Within the entries below, please return exactly the lines from the one with "Angry Indian man" through the one with "a living room", leaving out any pictures.

(Pictures with short captions)
______________________________
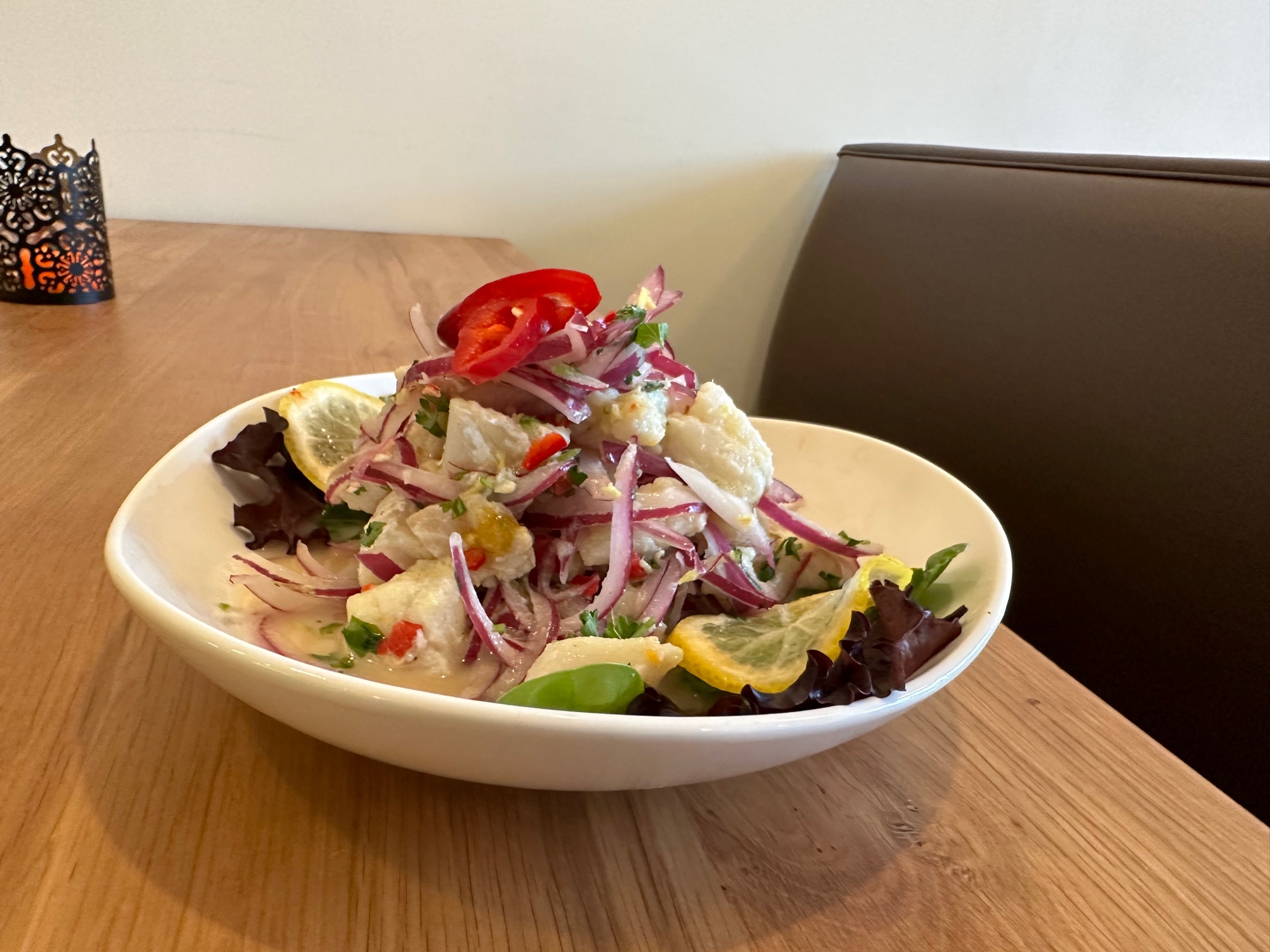 a bowl of salad on a plate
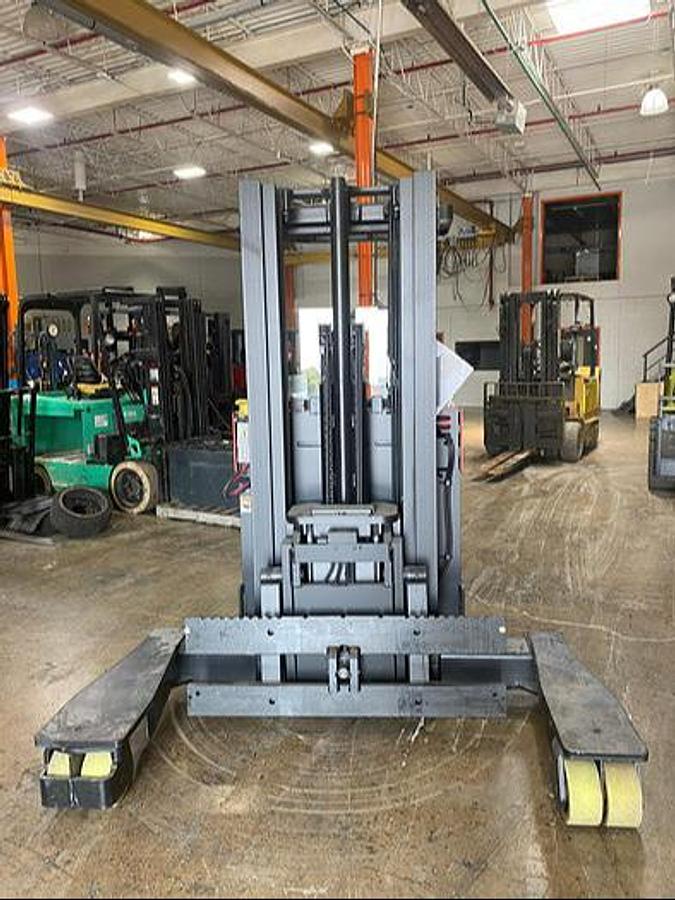 Front view of Raymond 4‑way reach electric forklift highlighting forks, mast assembly, and CSA certification decal
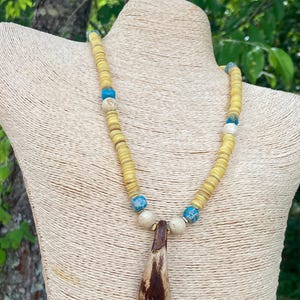 May include: A handcrafted necklace featuring a pendant and a strand of yellow, round beads. The necklace includes blue and white accent beads. The pendant is brown with a unique shape. The necklace is displayed on a mannequin.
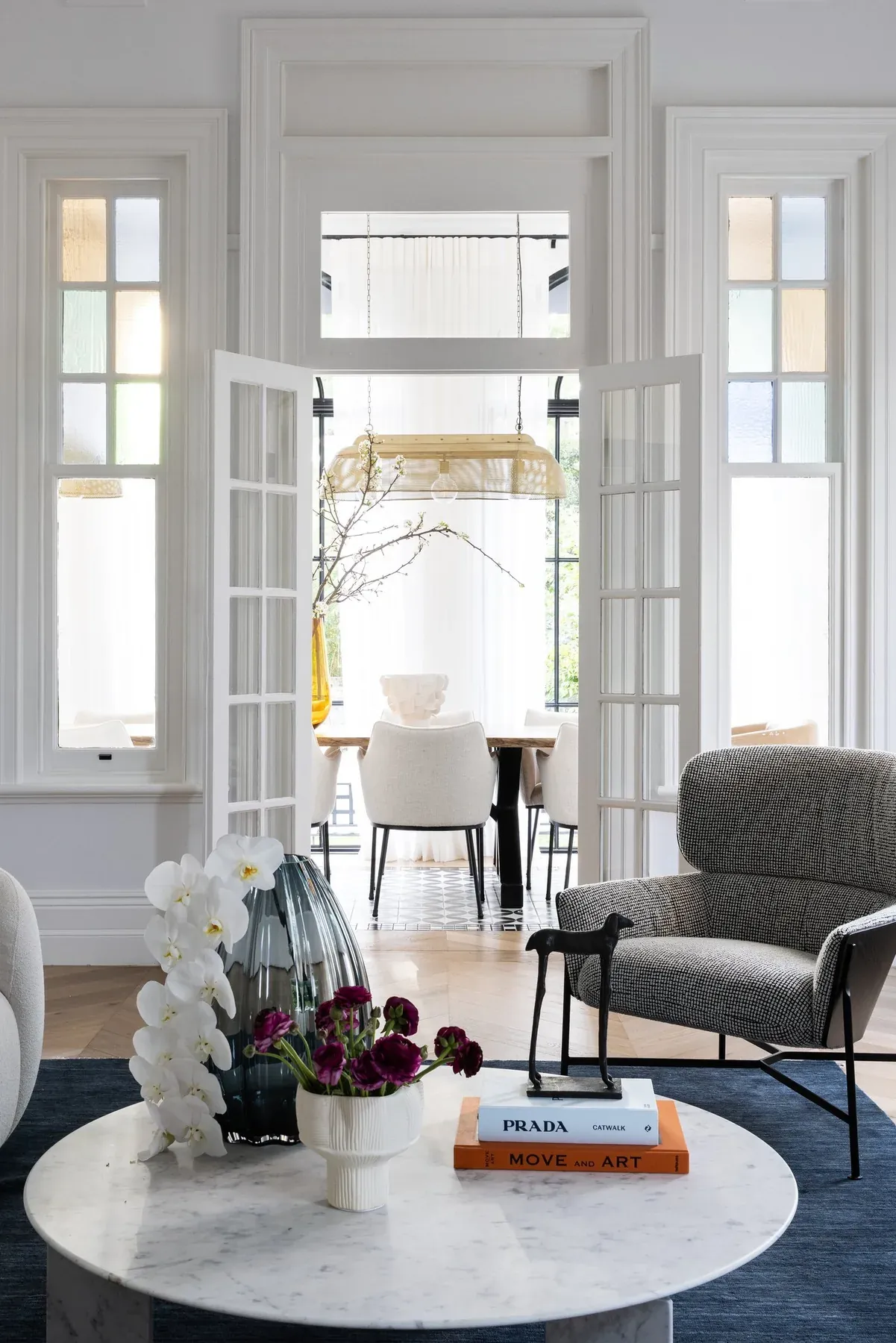Mosman 01 &mdash; sitting room with grey armchair, marble coffee table and French doors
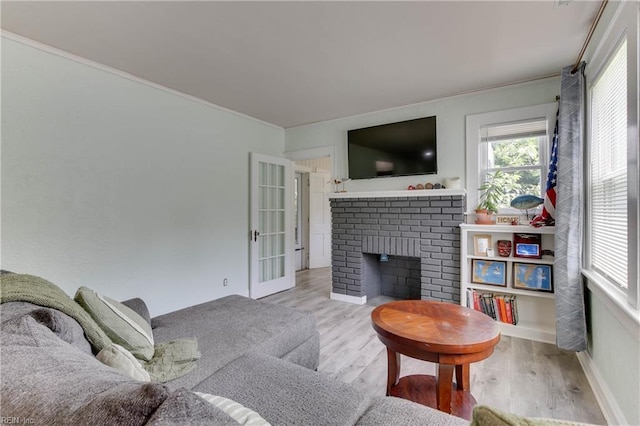 living room with french doors, light hardwood / wood-style floors, and a brick fireplace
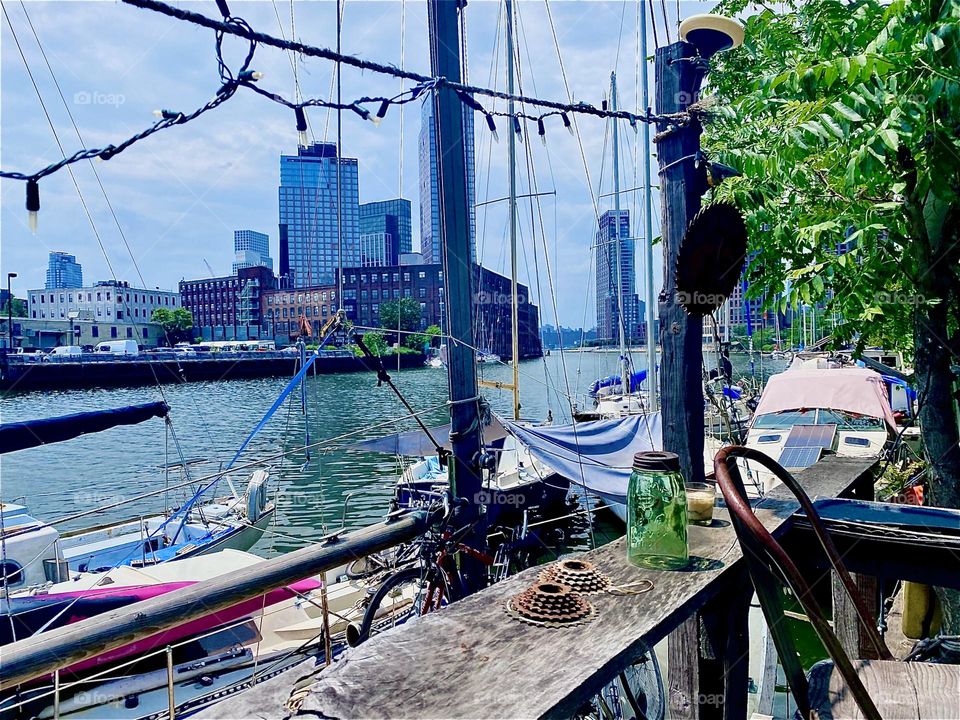 On the tree lined narrow shore the boat people here at “Newtown Creek” in LIC, Queens have built a nice wooden veranda that is sometimes used for parties and special get togethers. 2023. Hypnotic Productions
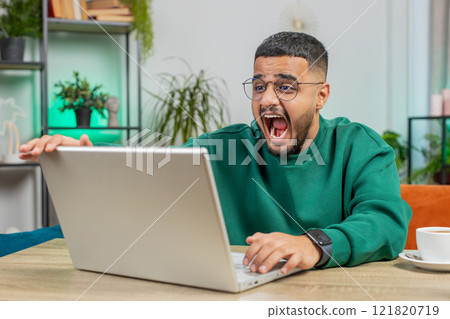 Angry Indian man use laptop surprised by bad news, fortune loss, game fail, lottery results at home 121820719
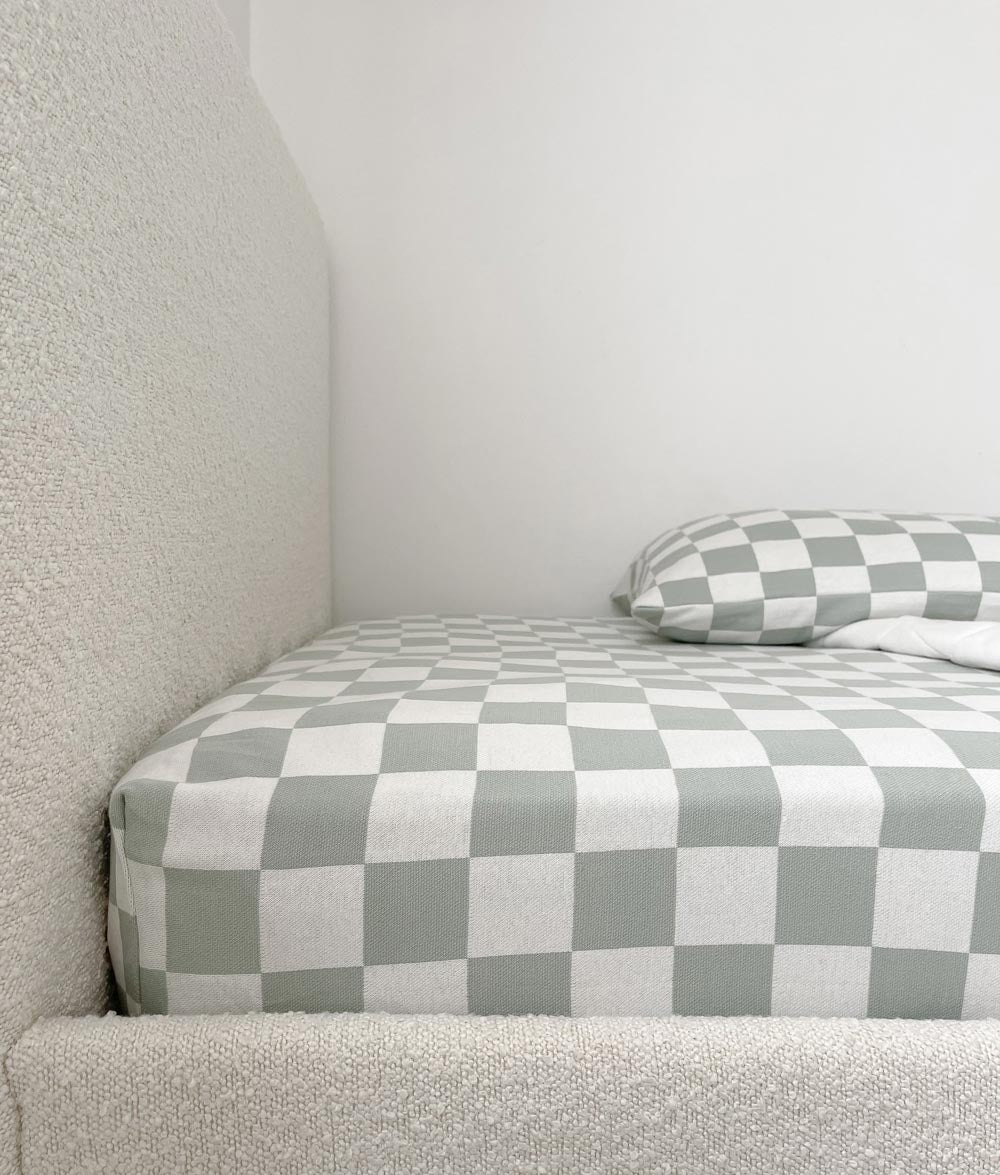 Sage Gingham jersey cotton fitted sheet on a boucle kids bed with a matching pillowcase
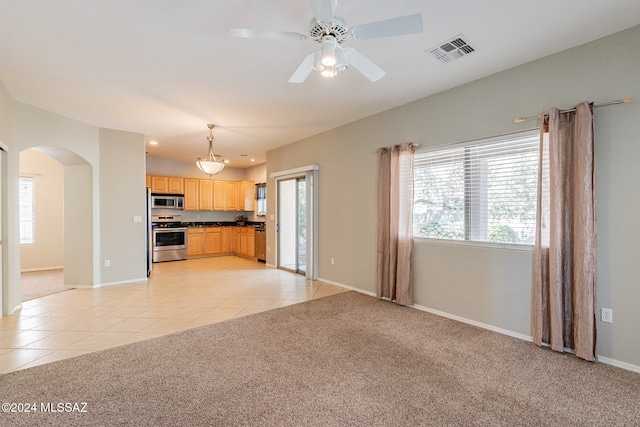 unfurnished living room featuring light colored carpet and a healthy amount of sunlight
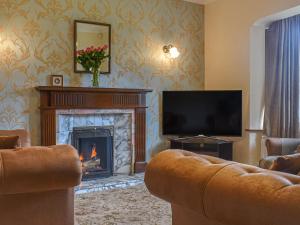 a living room with a fireplace and a television at Melrose in Clitheroe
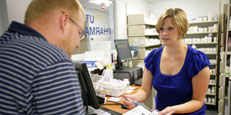 Pharmacist waiting on customer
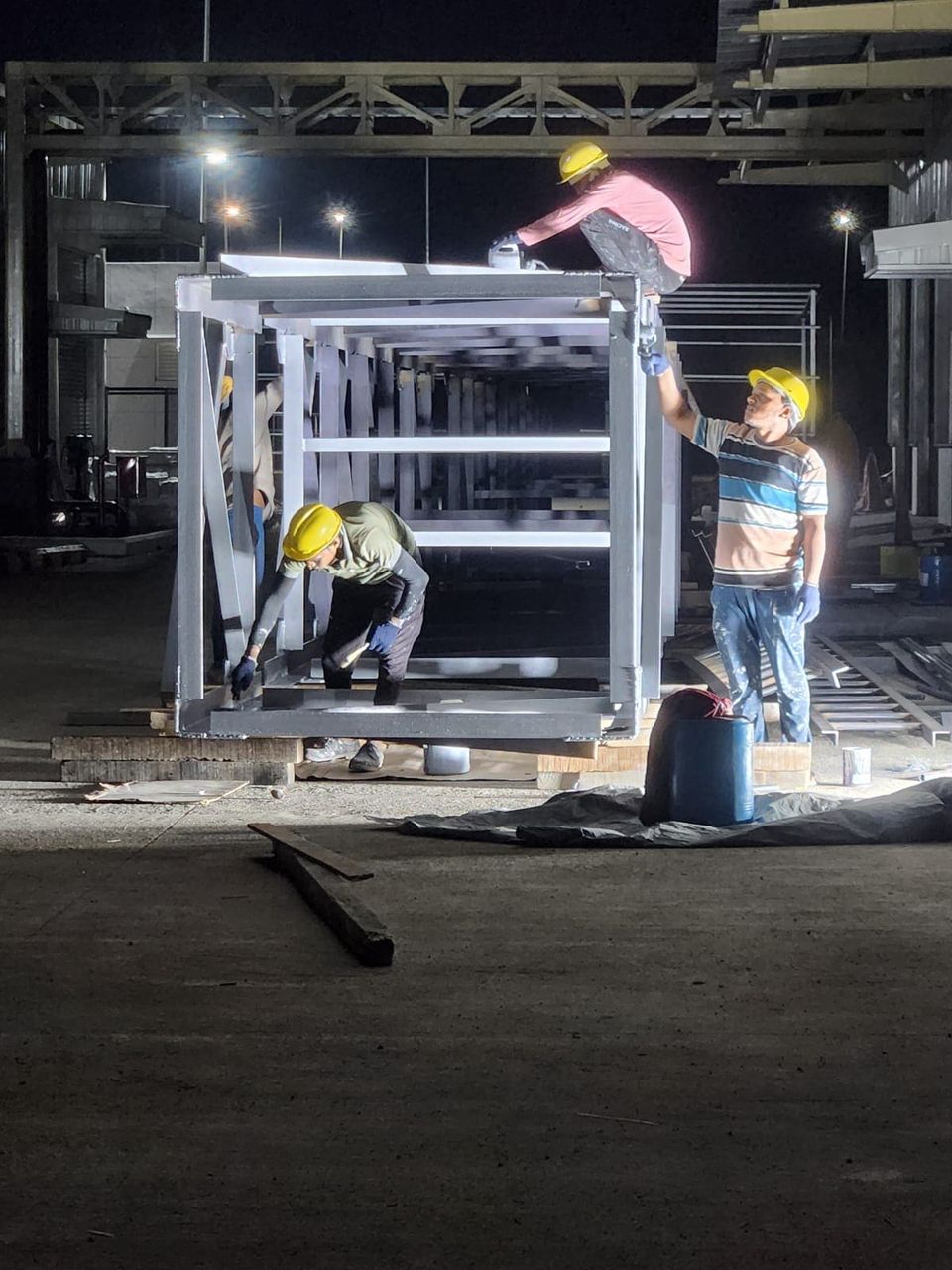 Night finishing work on a fabricated lattice stack section under floodlights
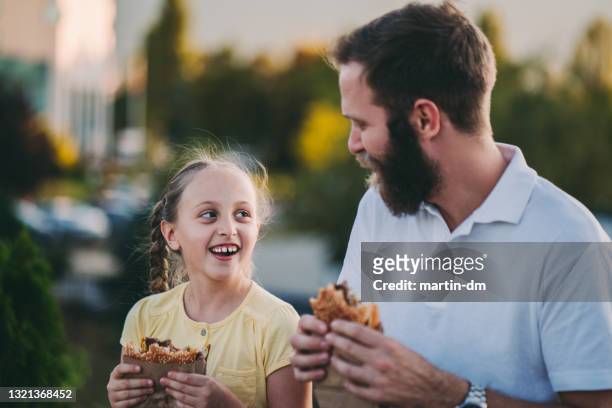 vater mit tochter essen fast food - burger portrait stock-fotos und bilder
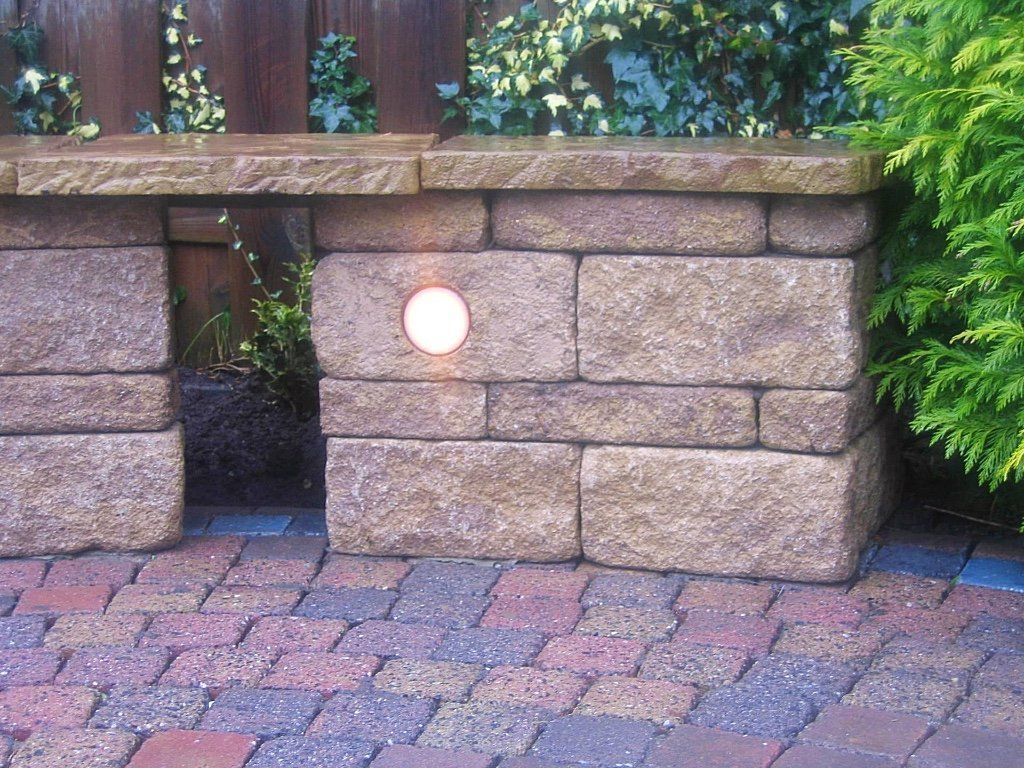 Stenen muur met ingebouwde verlichting, bakstenen terras en groen op de achtergrond.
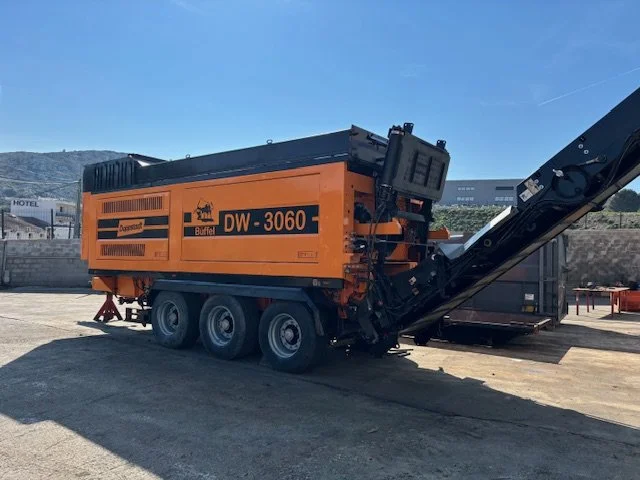 Une machine de construction orange avec un bras élévateur dans un espace extérieur.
______________________________
— Response area —
 Angry Indian man use laptop surprised by bad news, fortune loss, game fail, lottery results at home 121820719
 Sage Gingham jersey cotton fitted sheet on a boucle kids bed with a matching pillowcase
 unfurnished living room featuring light colored carpet and a healthy amount of sunlight
 a living room with a fireplace and a television at Melrose in Clitheroe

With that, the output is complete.